Character Creation

For many, characters are what make a story. The plot and adventure play second to captivating character arcs and the ever-deepening struggle between protagonist and antagonist. To some, a well-developed character forgives the occasional plot hole. Characters are an important aspect to all stories and creating dynamic ones can be just as fun as reading about them.

For readers to fall in love with a story’s characters, the writer also has to be in love with them. Whether constructing a heroic leader or a ruthless villain all characters must be given attention and captivate the writer’s mind. A writer doesn’t have to like or agree with the actions of all of their characters, but they still have to spend time understanding them. When it comes to character creation, to know is often to love. The more an author understands their characters external and internal struggles, desires, and motivations, the more they sympathize and the more dynamic the character will become.
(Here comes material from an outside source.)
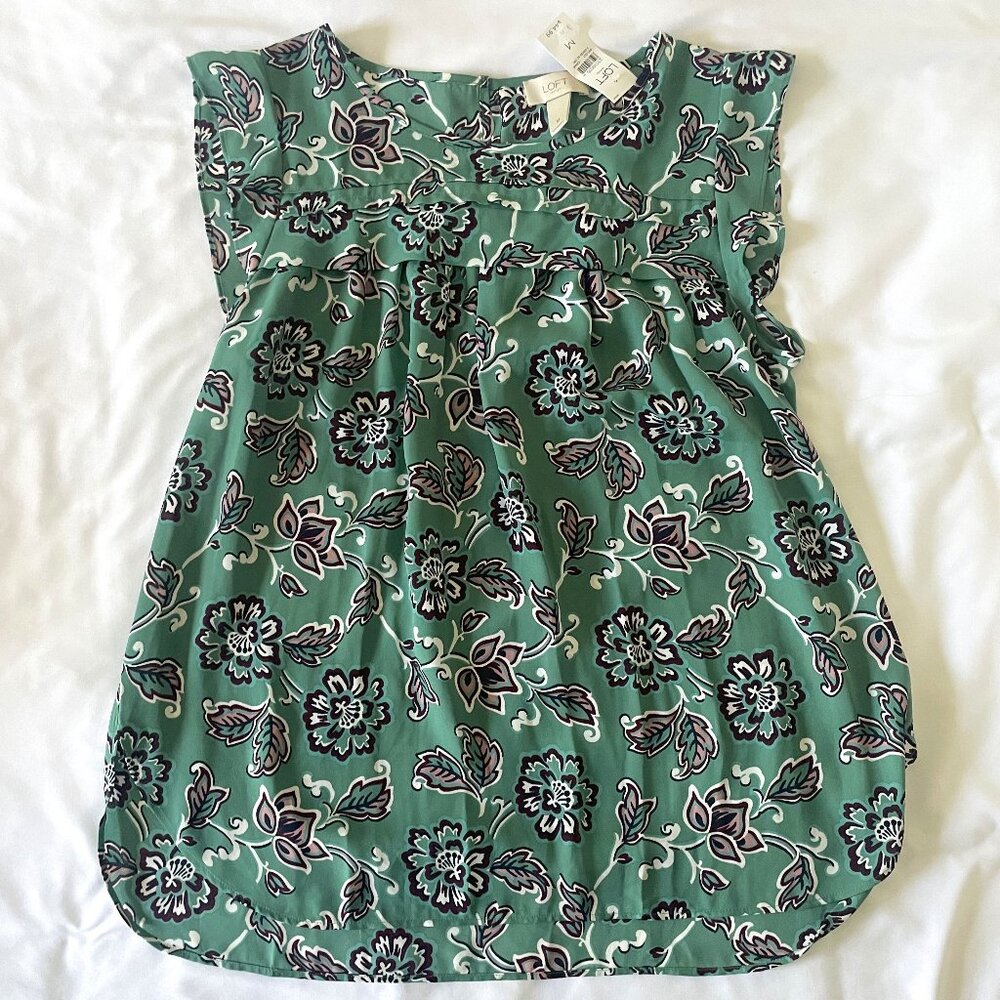 Ann Taylor LOFT floral green blouse tank, size M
So, how does one begin getting to know their characters? Our suggestion – take them on a date and interrogate them. Or in other words, begin asking your characters questions and answer them as you imagine they would. What was the last funeral they went to? What is their grandmother’s maiden name? Where do they eat dinner? Ask all the gritty an absurd questions your imagination can think of.

Through these questions, an individual can discover the strange nuances and quirks that make their character tick. Coming up with interesting questions to ask characters isn’t always easy, so linked below are two resources to get you thinking.

The PROUST Questionnaire: A wonderful resource to get to know both your characters and family, The PROUST Questionnaire features 35 questions designed to get to know someone in a relatively short amount of time.

The Novel Factory: If 35 questions aren’t enough for you, The Novel Factory boasts 150 character questions covering such aspects such as physical characteristics, friends and family, spirituality, and values.